Though very much a minority, cases of inappropriate use of social media by clubs do crop up and disciplinary offences can be typically be anything from a written warning to player bans.
Quality trumps quantity every time
The trick with boosting your audience on social media is to provide something of genuine value.
There is an insatiable, second-by-second demand for sports content on smartphones, tablets or desktops - and that’s where your club comes in.
Yet, everything you share should be as good as you can possibly make it. Avoid posting wobbly video footage that makes watchers sea-sick or photos that are blurred or show something off in the far distance.
Try to think like your audience. How do you use social media and what compels you to click on a link, watch a video or scroll through an article?

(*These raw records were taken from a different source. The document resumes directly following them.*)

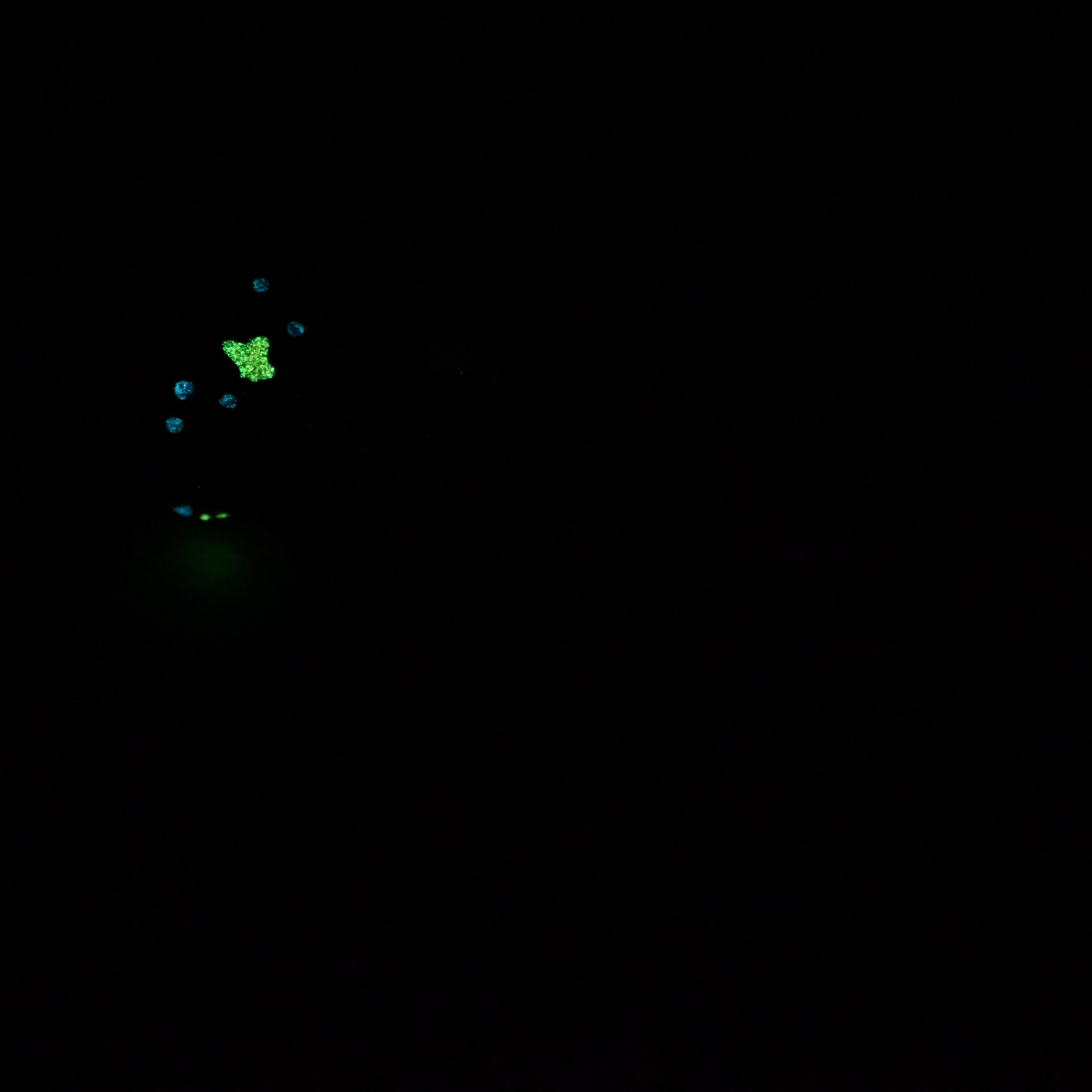 H2SJZ60 Hellion Small 0030 UV GITD CS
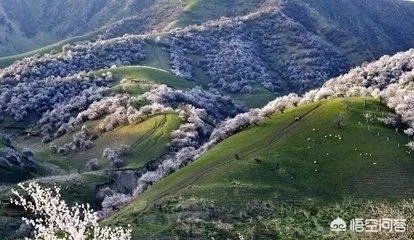 新疆新源县怎么样?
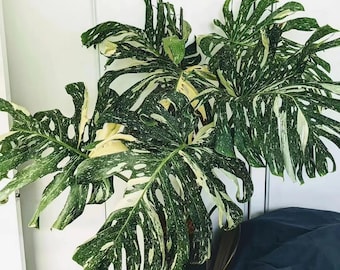 Bunte Monstera Deliciosa Lebende Pflanze, Seltene Tropische Zimmerpflanze mit geteiltem Blatt, Innen-Statement Topfpflanze, Wohnkultur Geschenk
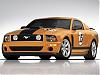 Saleen-Ford_Mustang_302_Parnelli_Jones_2006_1600x1200_wallpaper_01.jpg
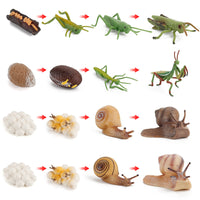 Life Cycle Figurines Montessori Educational Toys for Kids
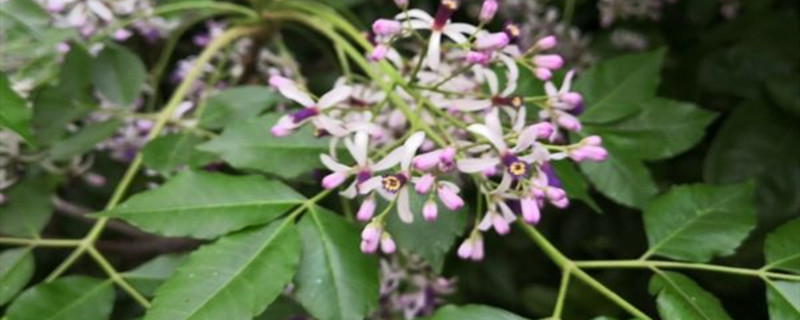 丁香花的介紹，丁香花的品種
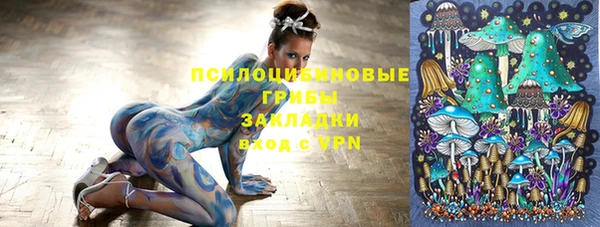 мяу мяу мука Пролетарск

Imitation is the sincerest form of flattery so if you like something that works well in another Twitter feed then borrow that concept and adapt it.

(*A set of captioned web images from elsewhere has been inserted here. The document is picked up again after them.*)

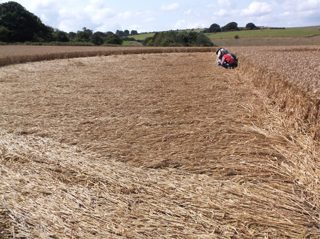 ground of East Kennett from ccc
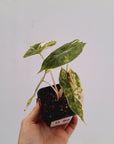 Alocasia Nairobi Nights Variegated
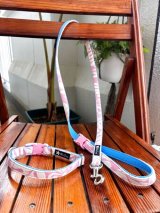 お得な首輪とリードのセット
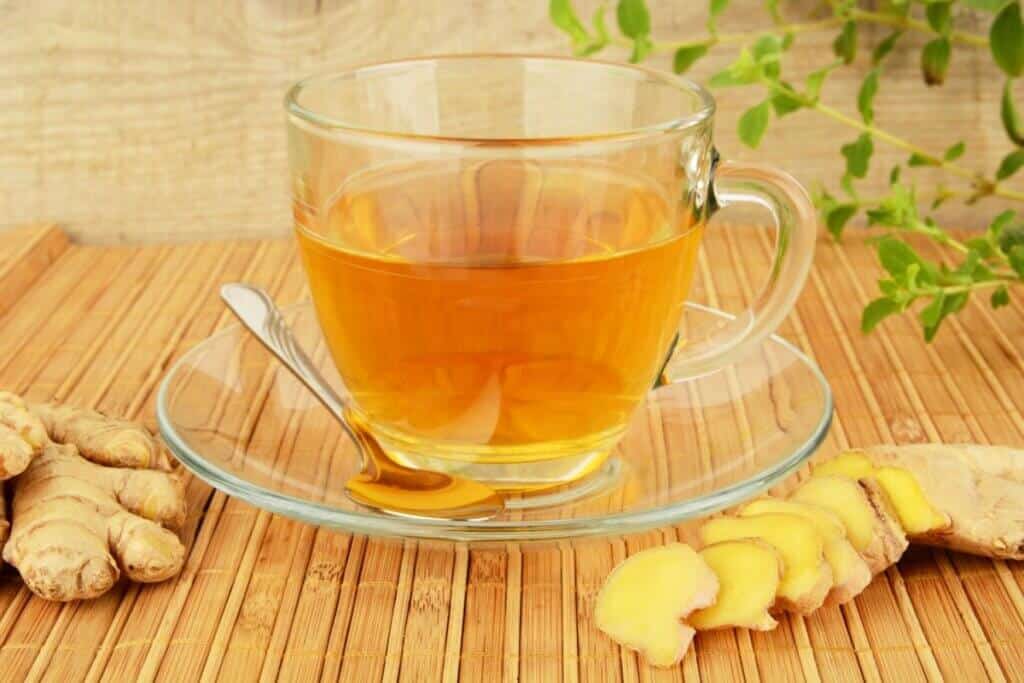 Para que serve o chá de carqueja? 3 receitas e os seus benefícios para a saúde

We’re not all professional photographers or video editors but imagery (moving and still) undeniably snags the attention of those who are scrolling through timelines or news feeds.
An easy win is to really explore your club and grounds on foot (or at an away trip) and take a mountain of photos that can form the basis of social media posts like a quiz or a competition.
The point about quality over quality also applies to the number of fans or followers on each platform.
Generally speaking, it won’t hurt your sports club to have 5m Facebook fans - unless all of them are based in Mexico and have no real interest in North Premier Rugby.
The objective is to build a relevant audience and doing that involves producing regular and engaging content that others find irresistible and want to share with their friends.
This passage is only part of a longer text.